**Material for this task**
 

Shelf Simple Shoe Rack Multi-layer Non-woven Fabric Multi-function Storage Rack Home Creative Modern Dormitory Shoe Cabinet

--

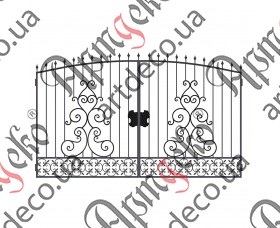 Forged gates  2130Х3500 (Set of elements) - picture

==

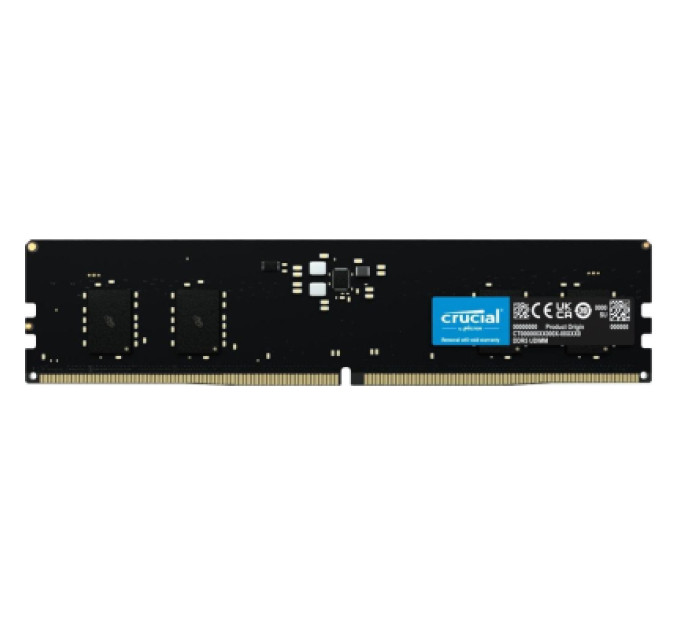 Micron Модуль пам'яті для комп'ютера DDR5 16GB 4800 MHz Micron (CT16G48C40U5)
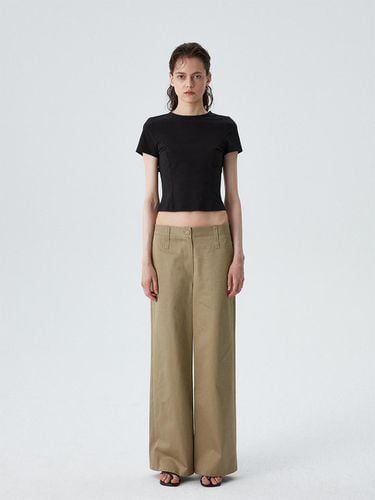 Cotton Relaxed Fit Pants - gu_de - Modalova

**Instructions for the task**
Within these entries, output exactly the lines starting at the one with "Micron Модуль пам'яті" and finishing at the one with "Cotton Relaxed Fit Pants - gu_de - Modalova". Leave pictures out of the output.

**Expected output**
 Micron Модуль пам'яті для комп'ютера DDR5 16GB 4800 MHz Micron (CT16G48C40U5)
 Cotton Relaxed Fit Pants - gu_de - Modalova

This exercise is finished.